Try out this test program in a Perl prior to 5.8.8:
use Test::More tests => 3;
my $line = "\x{4E00}();" . ' ';
is(length substr($line, 1, 1), 1);
is(length substr($line, 1, 4), 4);
is(length substr($line, 1, 1), 1);
You'd expect that substrings of length 1 are always length 1, right? On my Mac (perl5.8.6) it produces:
1..3
ok 1
ok 2
not ok 3
# Failed test at utf8_substr.t line 5.
# got: '4'
# expected: '1'
# Looks like you failed 1 test of 3.
This should surprise you, unless perhaps you were aware of the UTF-8 length caching bug(s) that haunted much of the 5.8.x series.
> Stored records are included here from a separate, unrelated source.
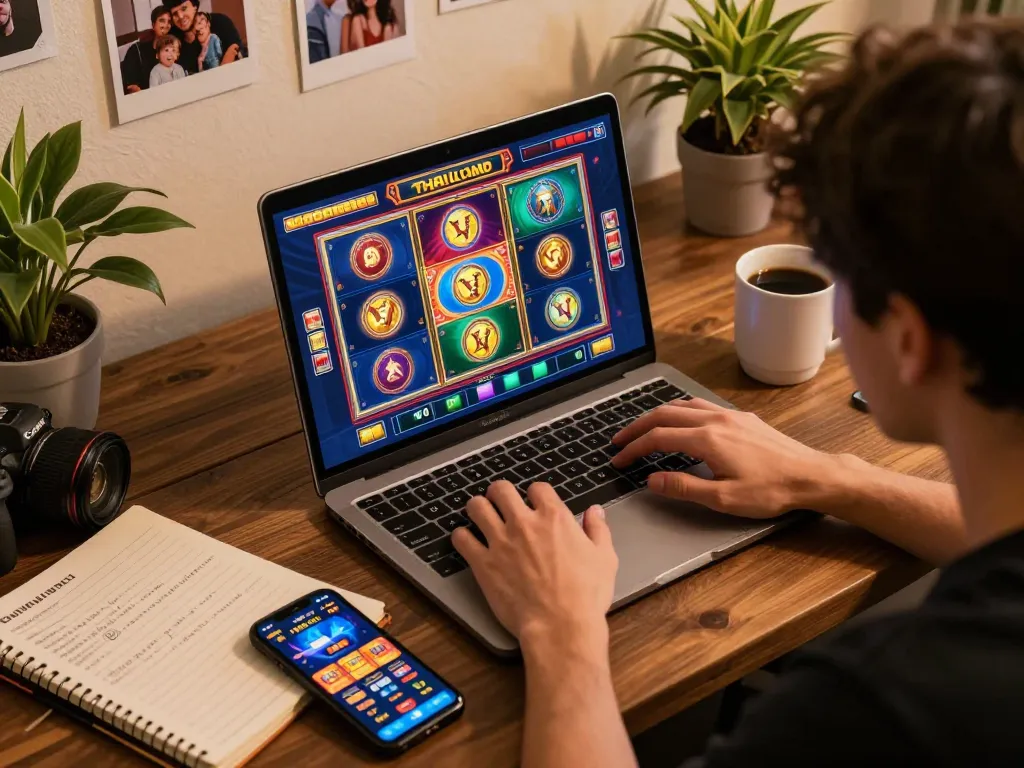 Player engaging with slot server thailand online on a laptop in a cozy home setting, emphasizing strategic gameplay.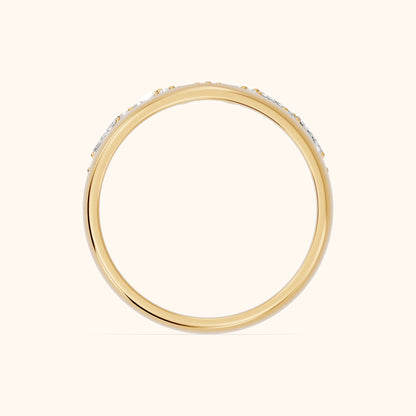 Ambika Dome Marquise & Round Diamond Wedding Band in Yellow Gold - FingerView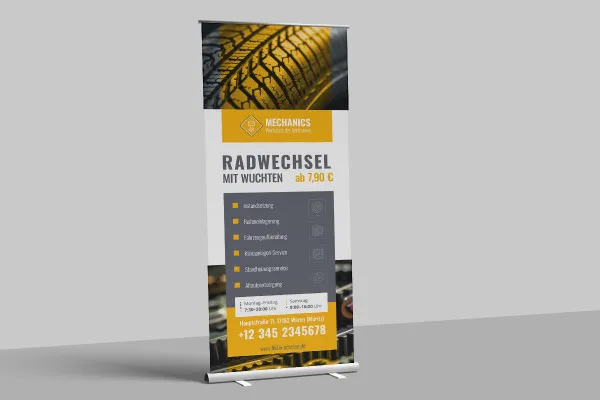 Roll-up-Vorlage für Handwerker, Werkstätten, Reparaturdienstleister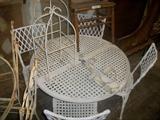  metal patio table and 4 chairs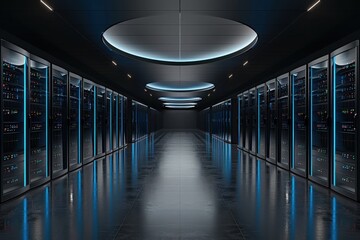 A sleek, modern server room featuring rows of servers under circular lighting, emphasizing technology and data storage.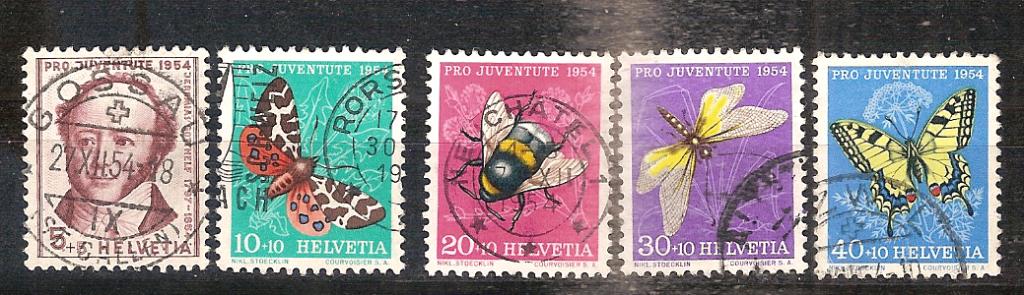 Zwitserland 602-606, Ophalen of Verzenden, Gestempeld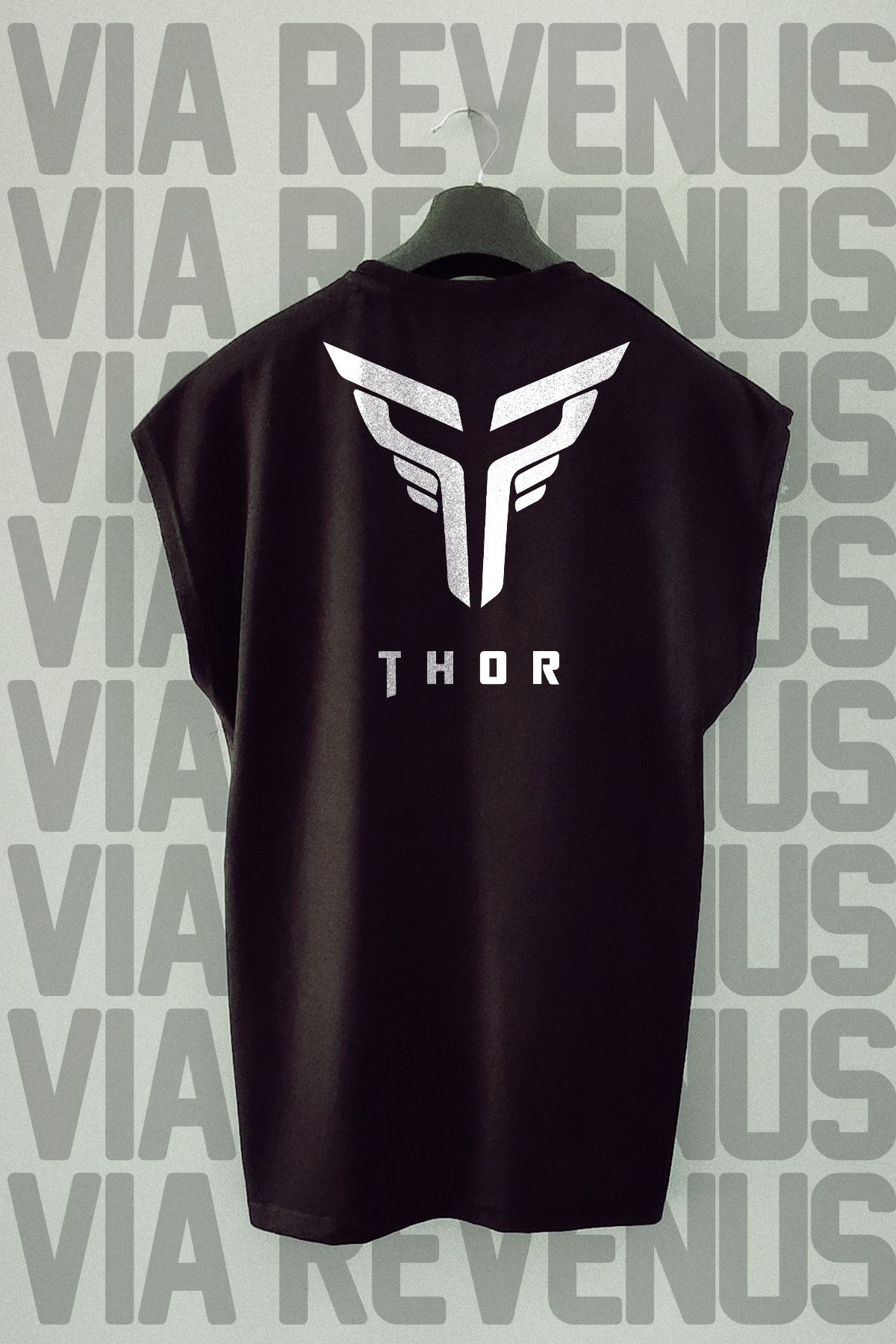 Vordevia Thor Sırt Baskılı Sıfır Kollu Bisiklet Yaka Spor Tshirt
This program above is a minimal reduction of a failure in the PPI test suite (see RT#35917 - charsets.t eats all available VM). This bug is only triggered in the following case:
We would probably have never noticed, except 5.8.6 is the default Perl for Mac OS X 10.4 (i.e., a popular point release) and a PPI side effect of the bug was a infinite loop with a memory leak.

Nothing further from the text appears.